•   13 July 2026 -

PT. Borneo Grafika Pariwara

Jl. Kapt Pierre Tendean, RT 02 No 9, Kelurahan Bontang Baru
Kecamatan Bontang, Kota Bontang, Kaltim - 75311

132 Mahasiswa Unmul KKN di Bontang, Wali Kota Neni Minta Tinggalkan Program Seremonial

Bontang - M Rifki
13 Juli 2026
 
132 Mahasiswa Unmul KKN di Bontang, Wali Kota Neni Minta Tinggalkan Program Seremonial Wali Kota Bontang Neni Moerniaeni menerima mahasiswa KKN Universitas Mulawarman. (Klik Kaltim)

BONTANG – Wali Kota Bontang Neni Moerniaeni menerima 132 mahasiswa Universitas Mulawarman (Unmul) yang akan melaksanakan Kuliah Kerja Nyata (KKN) di Kota Bontang, Senin (13/7/2026) pagi.

Selama 45 hari ke depan, para mahasiswa akan menjalankan pengabdian masyarakat yang tersebar di 15 kelurahan di Kota Bontang.

Dalam sambutannya, Neni mengajak mahasiswa turut berkontribusi membantu pemerintah daerah menyelesaikan berbagai persoalan di masyarakat, mulai dari pengentasan kemiskinan, pencegahan stunting, penanganan sampah, hingga membangun budaya hidup bersih dan sehat.

Menurutnya, kehadiran mahasiswa di tengah masyarakat diharapkan mampu menghadirkan ide-ide segar dan inovatif yang dapat diterapkan di masing-masing kelurahan.

"Pikiran mahasiswa ini fresh. Jadi ayo elaborasikan antara ide dan gagasan mahasiswa ke setiap kelurahan. Jadi biar tidak lagi mengerjakan simbolik saja," ujar Neni.

Neni menilai selama ini program KKN masih kerap identik dengan kegiatan yang bersifat seremonial, seperti membangun gapura, mengecat tempat sampah, atau memasang plang lingkungan.

Padahal, menurutnya, kebutuhan infrastruktur dasar tersebut telah banyak diakomodasi oleh Pemerintah Kota Bontang. Karena itu, mahasiswa didorong menghadirkan program yang lebih berdampak dan berkelanjutan.

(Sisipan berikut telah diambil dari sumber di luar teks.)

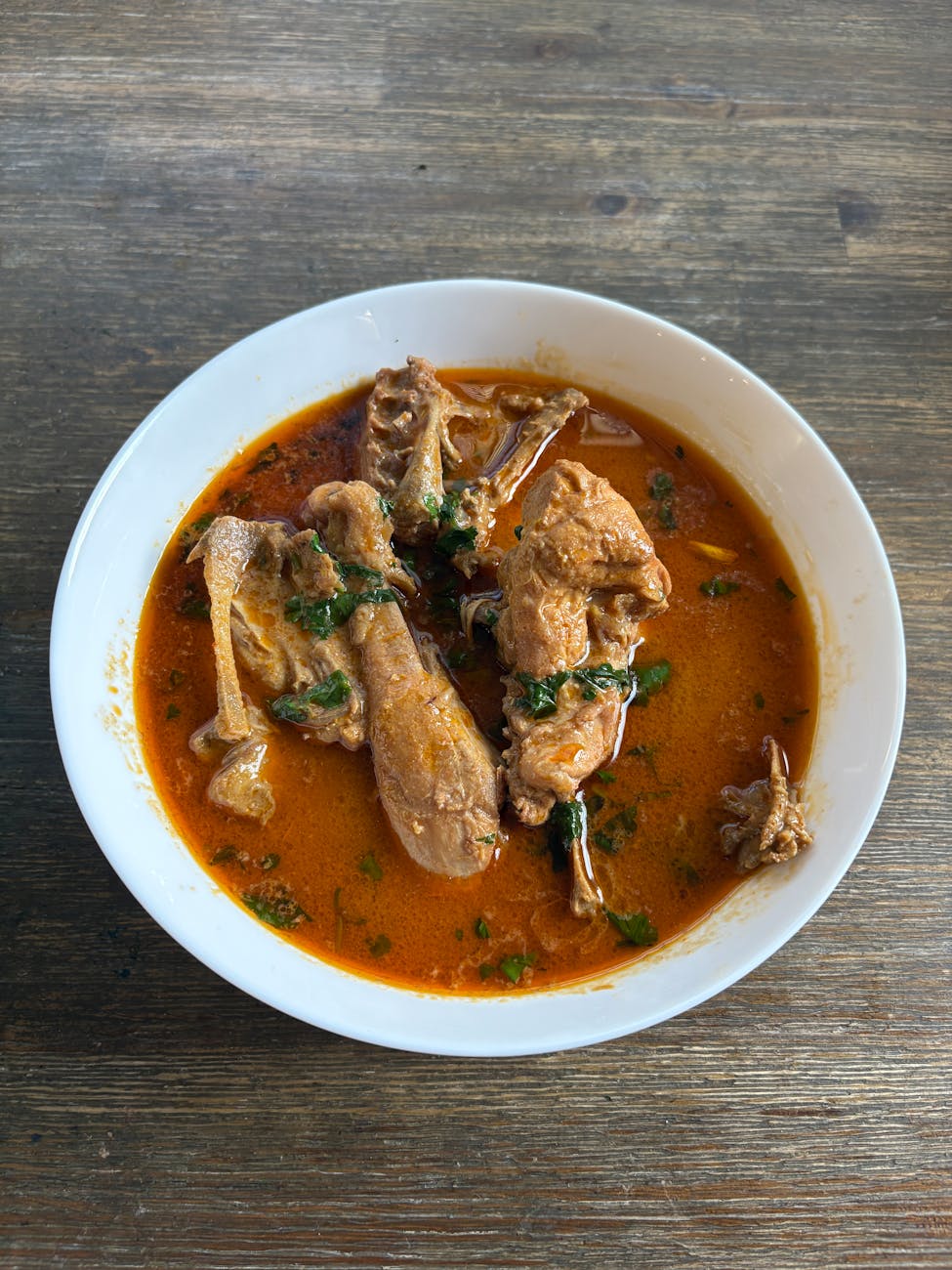 spicy chicken soup in white ceramic bowl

"Sekarang teknologi sudah canggih. Wilayah RT ini perlu inovasi teknologi informasi berbasis digital. Ayo dikembangkan wacana itu. Jadi yang ditinggalkan akan bermanfaat bagi warga," lanjutnya.

Di akhir sambutannya, Neni juga mengingatkan seluruh mahasiswa agar menjaga sikap dan etika selama tinggal di tengah masyarakat. Ia menegaskan bahwa perilaku mahasiswa akan menjadi perhatian warga.

"Hati-hati, tetap jaga etika dan keharmonisan. Kalau ada perilaku menyimpang pasti akan cepat ketahuan," tuturnya.

Sementara itu, perwakilan Universitas Mulawarman, Swandari Paramita, berharap seluruh mahasiswa dapat menjalankan pengabdian dengan sepenuh hati.

Ia meminta peserta KKN fokus mengidentifikasi persoalan di setiap kelurahan, kemudian menghadirkan solusi yang benar-benar bermanfaat bagi masyarakat.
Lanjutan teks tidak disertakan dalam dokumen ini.